真是的!沒想到他拗起來也是這麼令人頭痛!
她明白公孫凜是因為氣她的一意孤行而故意來個不理不睬。
當那天皇上的派令件送來時,她第一次感覺到公孫凜的肅殺之氣,他的怒眸一斂,像是發出懾人烈焰似地瞪著她,嚇得她真想直接消失算了,免得被他的怒火給燒得遍體鱗傷。
她還記得當公孫凜知道她私下請托皇后說服皇上派她去溫州的事情後,狂怒咆哮道:「我不接受你的道別!」
自那之後,他雖然還是對她照顧有加,但是卻刻意迴避她,完全不跟她說話,擺明了不讓她有告別的機會。也就是說,只要她一天不道別,她就一天不准離開。
已經是第五天了耶!
打從楚非住進公孫府後,這還是第一次這麼久沒和公孫凜講到話,她覺得好無助,卻又一籌莫展。

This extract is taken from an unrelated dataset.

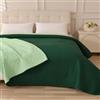 Caritex Copriletto Trapuntato Santorini per Letto Matrimoniale, in Microfibra, Bicolore e Reversibile - Trapuntino Primavera e Autunno - 260x260 cm M608 [Verde Scuro - Verde Chiaro]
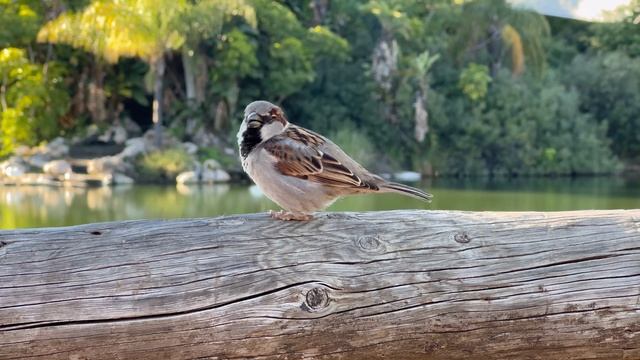 Песенка от маленького воробушка смотреть онлайн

再過兩日她便要啟程前往溫州了,她不想帶著遺憾與誤解離去,所以她必須主動開口化解僵局。
「公孫凜,我……」
才一開口,公孫凜便霍地起身,打斷了她欲說出口的話,並問道:「吃飽了?」
「嗯……」這麼冰冷的氛圍,吃得飽才怪。
「那就撤下吧!」公孫凜對下人交代了一聲,便轉身往書房走去。
楚非垂頭喪氣地跟到了書房外,望著緊閉的門,她原本想敲門的手停在半空中僵著,就算開了門,進去見著了他,又該怎麼跟他說呢?她不知道該怎麼乎息公孫凜的怒火,而且,這一開口,說的肯定是關於道別的話……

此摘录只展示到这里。